Confira a lista no endereço, http://trabalho.gov.br/images/Documentos/SIT/cadastro-de-empregadores-publicacao-semestral-ordinaria-detrae-outubro-2018.pdf .

Porque eles escravizam?

Frei Xavier Jean Marie Plassat explica que mais de de 28 milhões de pessoas ainda vivem sob o regime de trabalho escravo – Reprodução Google Imagens

A Gazeta do Cerrado ouviu Frei Xavier Jean Marie Plassat, da Comissão Pastoral da Terra (CPT), em busca de saber os motivos que levam a escravidão.

Ele explica que este não é um fenômeno unicamente brasileiro, estimasse que no mundo existam, hoje, 29,8 milhões de pessoas que vivem em regime de escravidão, os dados são do Global Slavery Index.

O Brasil ocupa 94º ligar em uma lista com 162 países, por aqui as projeções falam em 209 mil brasileiros escravizados. Este número pode ser considerado subestimado.

O Frei aponta o sistema e a ganância como causas, “estamos num sistema que incentiva a ganância. Porquê alguém tem que utilizar a mão de obra de outro alguém a custo quase zero?
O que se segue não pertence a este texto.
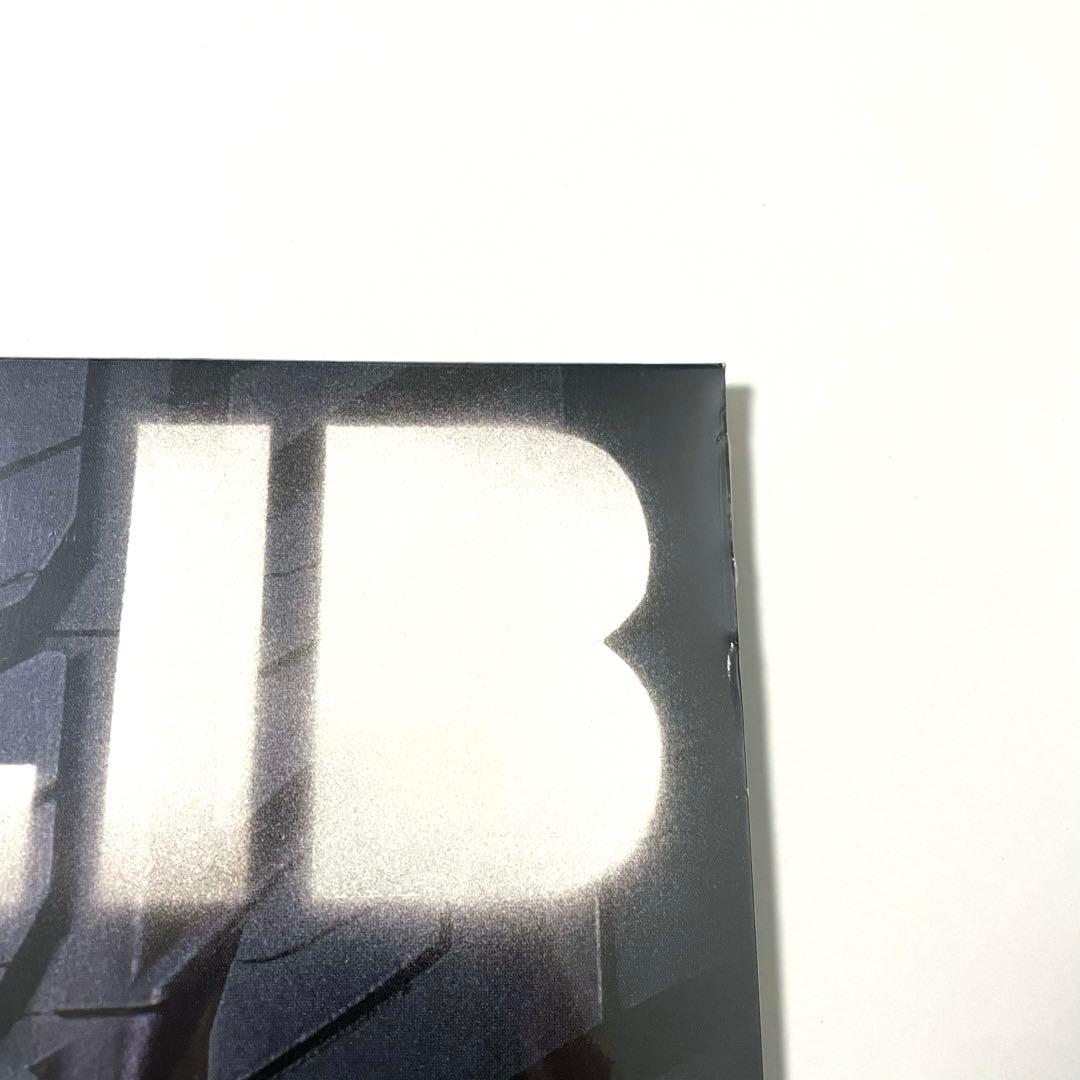 未開封 Jaylib / Champion Sound 2LP レコード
Oferecendo condições degradantes, precárias? Porque ele quer se aproximar do custo zero”.

Ele vai além e destaca o clima de guerra econômica que vivemos, “entre setores existem uma guerra para colocar produtos a preços competitivos, o que pode ser considerado louvável, por um lado, já que traz divisas para o Brasil, mas a que preço?”, questiona Frei Xavier.
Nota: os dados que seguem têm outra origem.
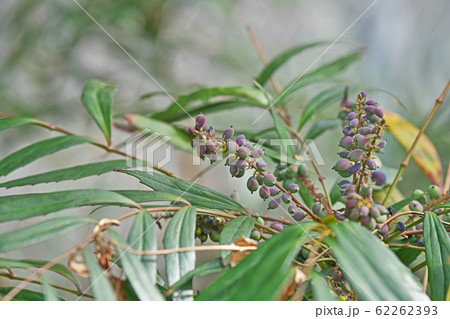ホソバヒイラギナンテンの実 62262393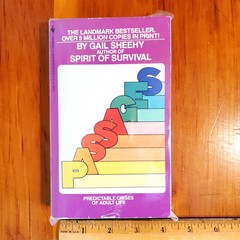 Vintage 1989 Bantam 4.25×7 mmpb PASSAGES Gail Sheehy Life Changes Age in 30s-50s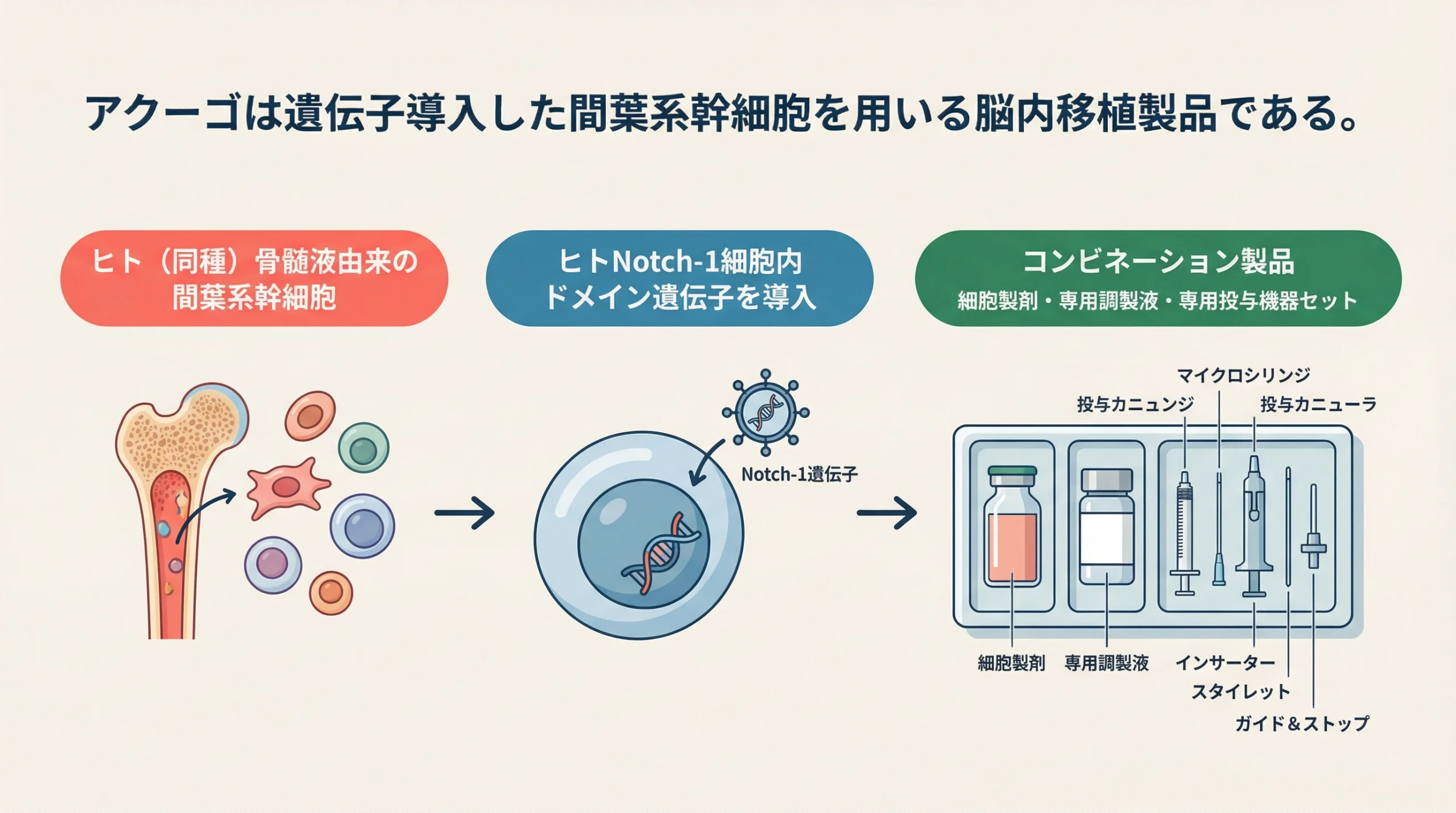 アクーゴの製品構成と専用投与機器セットを示すスライド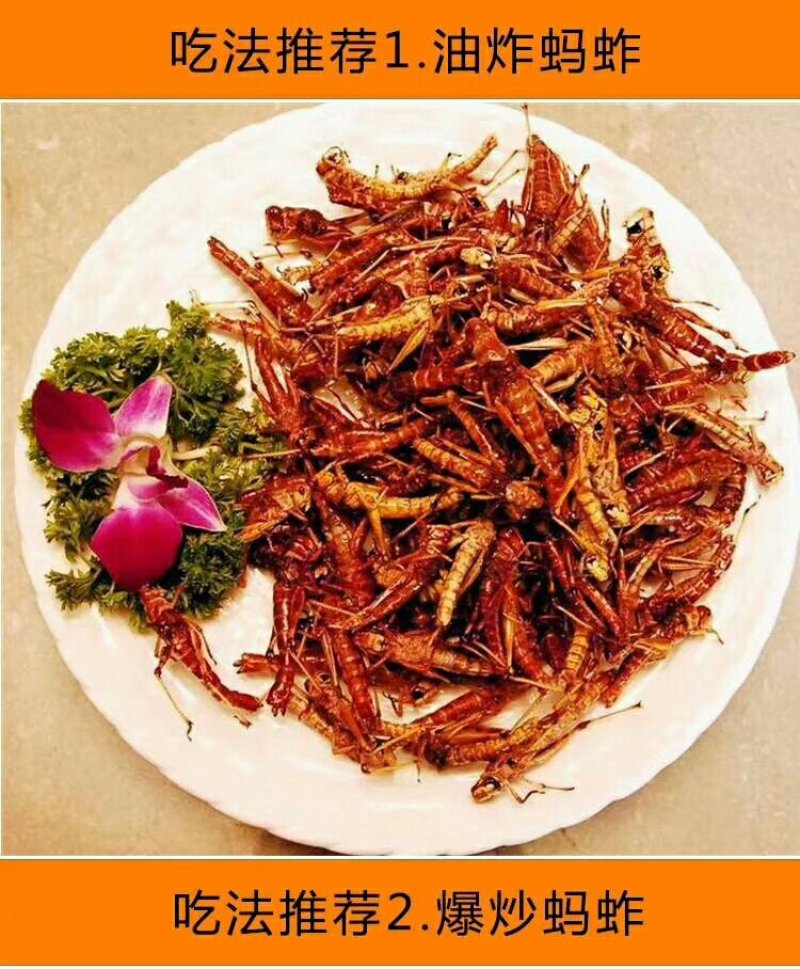 昆虫系销售，蚂蚱，金蝉，蝎子，蚕蛹，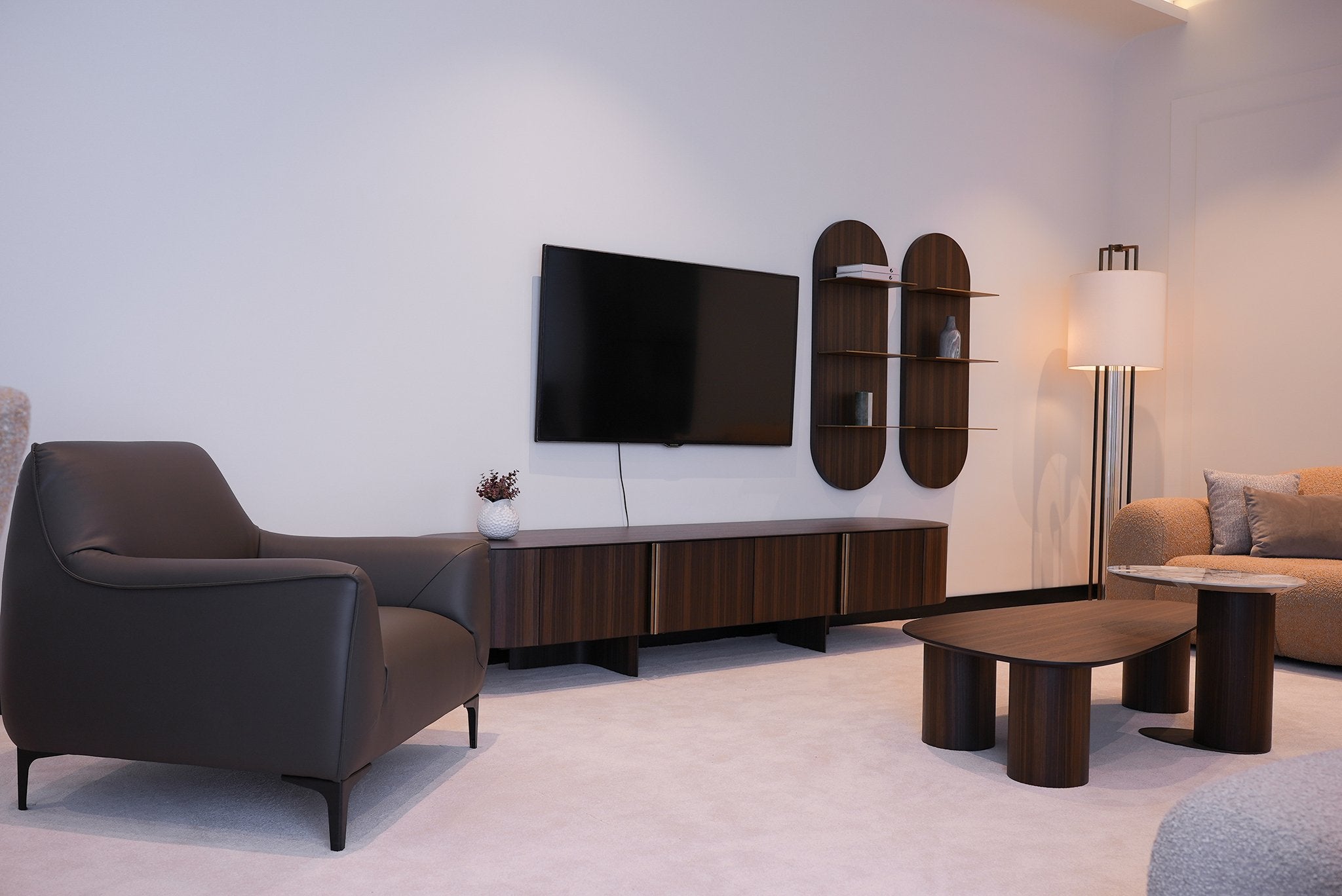 Unitate TV Regal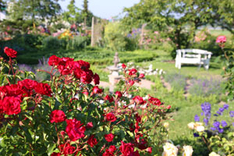 Rosen-Event im Rosenhof Usedom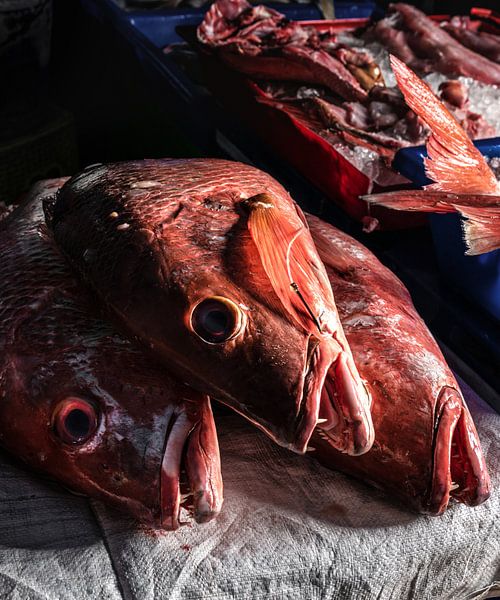 fishes by Alex Neumayer
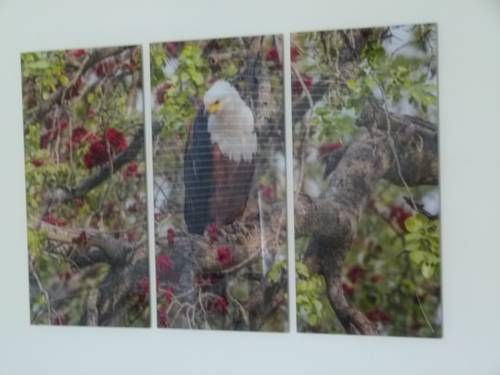Outdoor Pictures 15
Outro fator citado pelo representante da CPT é a massa de pessoas desempregadas, “na faixa etária de 20 a 25 anos, a que encontramos mais pessoas escravizadas, existe uma taxa de desemprego de 30%. São pessoas propensas a aceitarem qualquer condição, qualquer coisa é melhor que nada”.

Corte no orçamento prejudica fiscalizações

O número de fiscalizações vem caindo desde 2013. Se compararmos 2017 com 2016, a queda foi de 23,5%. Tivemos o menor número de pessoas resgatadas desde 1998. O contingenciamento de verba chegou a 70%. O último concurso para o setor foi em 2013. Deixando claro a falta de interesse no aparelhamento do setor.

Pode piorar

Estudioso do tema e sempre atento as alterações que impactam o setor, Plassat alerta para nos preparemos para o pior, ao falar das mudanças trabalhistas propostas.

“O conteúdo da reforma trabalhista que foram aprovadas e o que sobra para aprovar no congresso , definem como normal condições de trabalho que até hoje consideremos degradante”, explica preocupado o Frei.

Descartado para morrer

Frei Xavier nos revelou ainda uma triste história de um morador de rua que foi morto, após ser espancado na capital, no último dia 7.

Márcio Batista dos Santos, 37 anos, trabalhava em uma fazenda na região de Paraíso, em condições muito precárias, após decidir pedir seus direitos, foi acusado de roubar um motor e descartado.

“ Este rapaz ficou sob nossos cuidados por sete meses, após muita luta conseguiu receber um valor irrisório, após o período que passou conosco ele veio para Palmas e se envolveu com um usuários de drogas”, conta Xavier.

Antes de deixar a CPT, Márcio escreveu um bilhete de agradecimento, onde pede para que as pessoas nunca desistam de seus sonhos. A data é de abril deste ano. Veja na foto abaixo.

Ex-tabalhador escravo deixou recado otimista antes de morrer – Divulgação

Identificar e punir não são o suficiente

Apenas libertar o trabalhador não basto é preciso oferecer condições para que este trabalhador possa seguir com dignidade. Para o Missionário existe muito preconceito por traz, é preciso considerar que uma parte da população que é tratada como inferior, descartável, de segunda classe.

É preciso mudar isso com politicas de inclusão oferecendo condições mínimas para uma vida digna.

Denuncie

Qualquer pessoa pode denunciar ou pedir ajuda em situações que os direitos humanos estão sendo violados. Como no caso de trabalho escravo basta discar 100. O Disk 100 funciona 24h, é gratuito e pessoa pode se manter anônima.